A variety of engineering studies have been published that investigate the energy penalty and design requirements for coalfired plant running at static power output and carbon capture rate of 90 percent; however, few of these studies explore the ability of the capture unit to respond to changes in load and capture rates. Noting that amine absorption is considered the most advanced near-term technological solution for carbon capture, this paper provides an analysis of the dynamics of a
MEA capture unit. This analysis enables the evaluation of the ability of coal-fired CCS power plants to provide load following support at different ramp rates and at varying levels of capture.
A dynamic kinetic model of an MEA capture plant was developed using Aspen Dynamics®. The model is used to determine the dynamic characteristics of the capture plant for load following by simulating various ramp rates of flue gas flow from the power plant to the capture unit.
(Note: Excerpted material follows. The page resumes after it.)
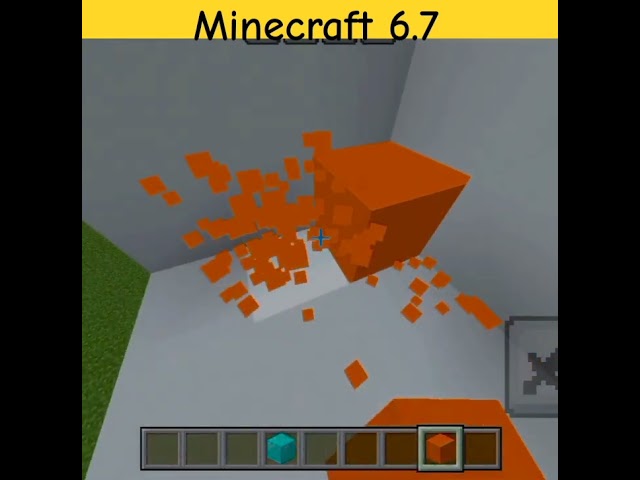 minecraft 6.7 second #shorts #viral #trending #shortsfeed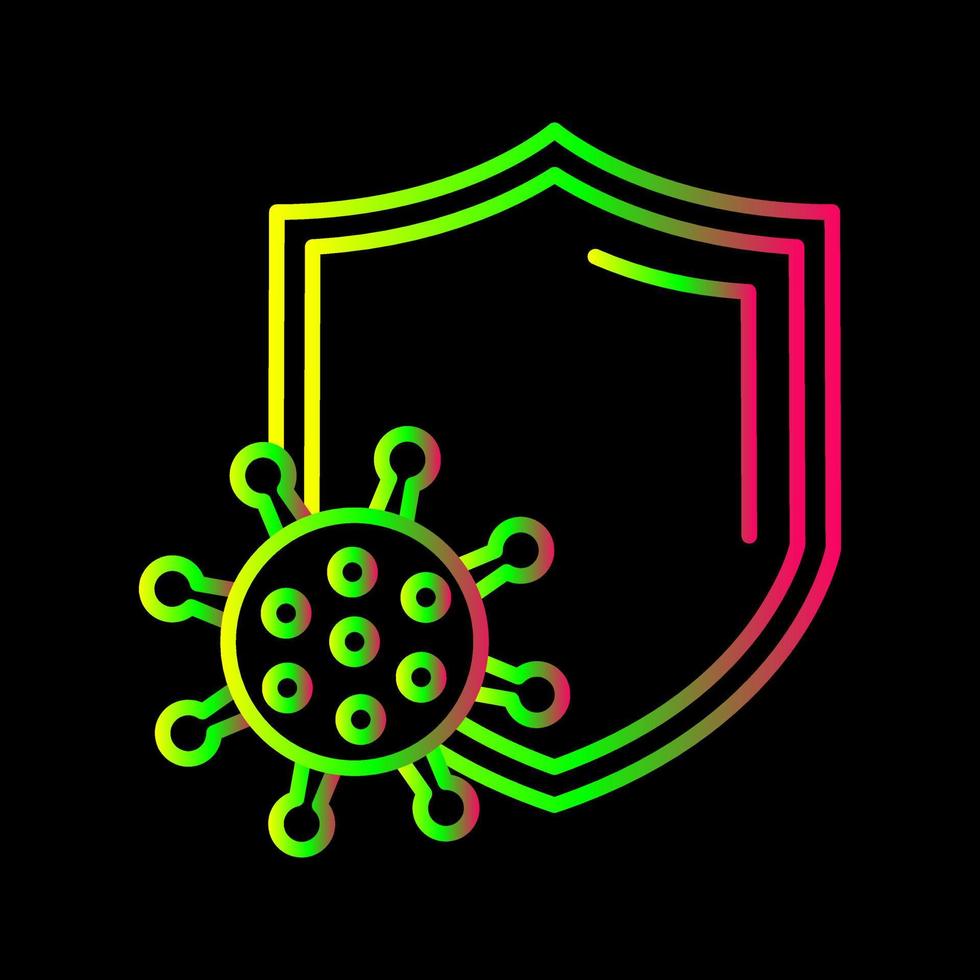 icono de vector de protección antivirus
These results are used to determine the ability of the capture plant to control power output to the grid and the impact on performance parameters such as the capture rate and energy consumption. The results shown that the capture plant operates on similar time scales of a coal-fired power plant. The capture plant will not prohibit the ability of the coal plant to adjust output.
Electricity generation from fossil-fuel power plants is one of the largest sources of carbon dioxide emisisons (IPCC 2005). To reduce the amount of emissions from these power plants, carbon capture and sequestration is seen as one of the most promising technology options. In particular, chemical absorption is the most widely studied and advanced subset of these technologies. To date, most studies have looked at the steady state, full load, 90% capture operation of the CCS unit
(Freguia et al. 2003; Abu-Zahra et al. 2006; Zhang et al. 2009).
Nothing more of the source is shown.